L’œuvre éditée par les éditions “Non lieu” de Michel Carosso est sous forme d’un album-photo, portant des images récentes, prises au mois de mai dernier à travers différentes régions de la Kabylie, mais aussi des images datant d’une vingtaine d’années. Les photos sont illustrées par des poèmes de Kabylie.

En somme, c’est un voyage et la découverte de toute une région recèlant un patrimoine culturel important que cette œuvre offre un lecteur, particulièrement pour celui qui méconnaît la Kabylie.

Yazid Bekka est éditeur dans le groupe du Nouvel observateur pour le magazine Challenges et photographe-reporter. Il a effectué des reportages en France, en Algérie, en Afrique noire et à Haïti. Ce photographe kabyle qui vit outre-mer a eu à participer à de nombreuses expositions en France, en particulier dans diverses FNAC. Yalla Seddiki lui est un jeune écrivain et chercheur.

Il a publié des poèmes dans plusieurs revues. Il a traduit et commenté le recueil de poésies chantées de Matoub Lounès, sous le titre Mon nom est combat, paru à Paris la Découverte en 2003. Il est aussi coordinateur d’un numéro de la revue Europe qui sera consacré à la Kabylie et qui très probablement, paraîtra au premier trimestre de 2007. Yazid Bekka déclare dans la préface de cette œuvre : “Ce travail de mémoire s’est alors imposé à moi. A travers plus de vingt ans d’image, de souvenir”.
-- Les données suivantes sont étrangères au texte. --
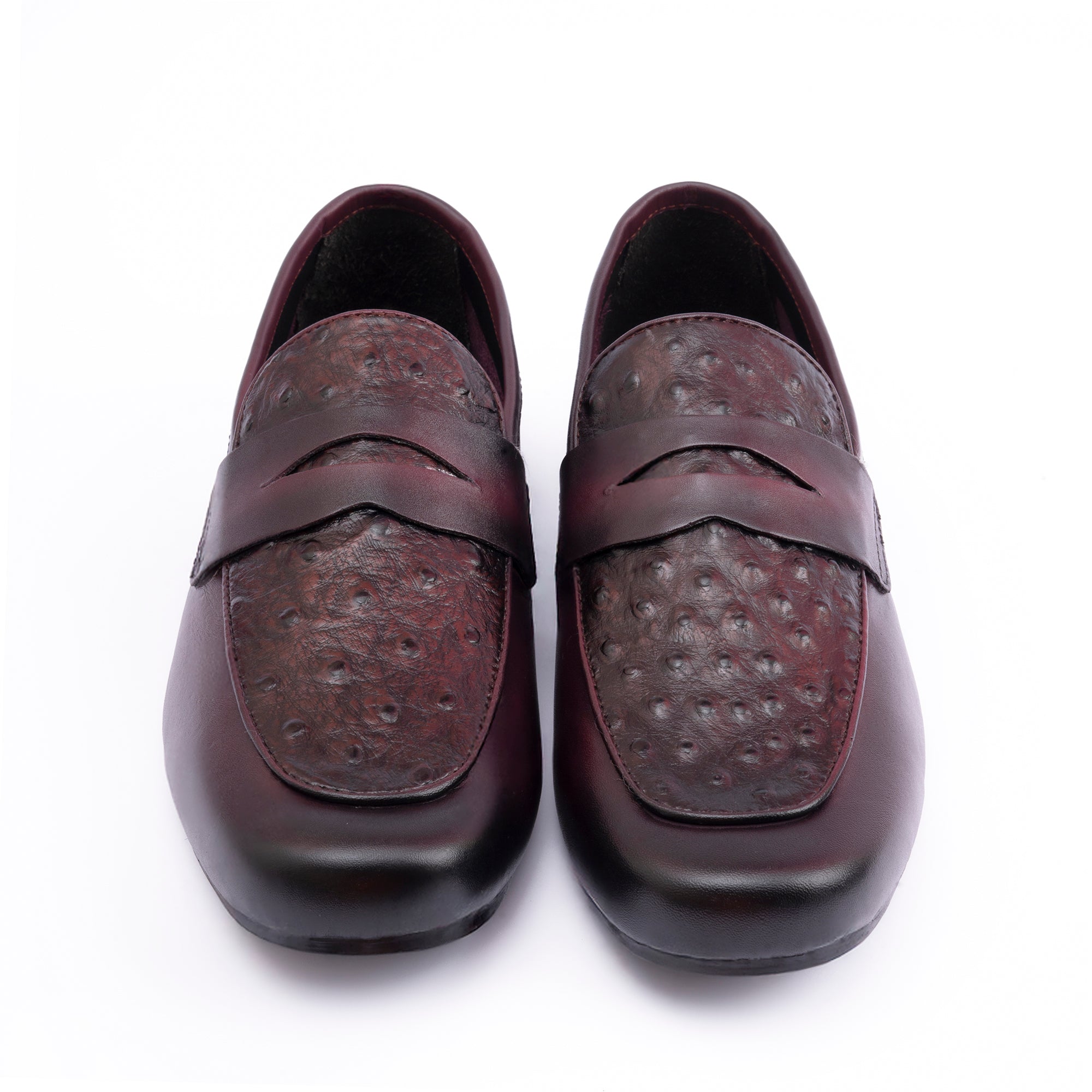 OSTRICH LEATHER TEXTURED MOCCASIN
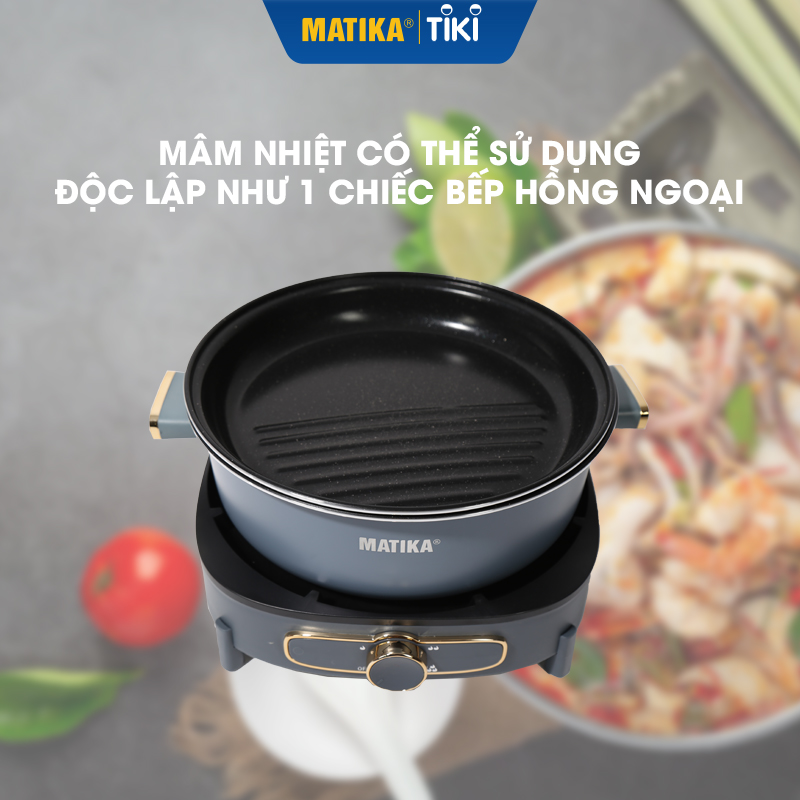 Nồi Lẩu Nướng Đa Năng 3in1 MATIKA MTK-9055 Dung Tích 5L - Hàng Chính Hãng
Le photographe raconte son coup de cœur avec le monde de la photographie, qui remonte à 1987, âgé alors de 27 ans. “J’étais jeune, plein d’entrain, et des projets plein la tête. Photographie notamment. Depuis que, dans ma tendre enfance, j’avais découvert, au fond de la cave de mes parents, leurs vieux 6×6, je prenais plaisir à mettre dans ma boite les gens, rien que les gens. Pour motiver mes clichés, au-delà de ceux que je réalisais à Paris pour une agence de presse, je venais avec un plaisir immense retrouver les anciens à Taddart…” racontait le photographe. Pour lui “la photographie est cette tentative naïve pour retarder le temps, pour arrêter la mort, sur un instant, un regard, une situation qui continuent à vivre dans le souvenir”. Dans cette longue préface, le photographe tente d’expliquer les motifs qui l’on encourage à prendre cette initiative qui consiste à immortaliser et à illustrer la Kabylie dans un livre-album, relustré encore par des poèmes, écrits ou chantés par les enfants de cette région, aux caractéristiques particulier.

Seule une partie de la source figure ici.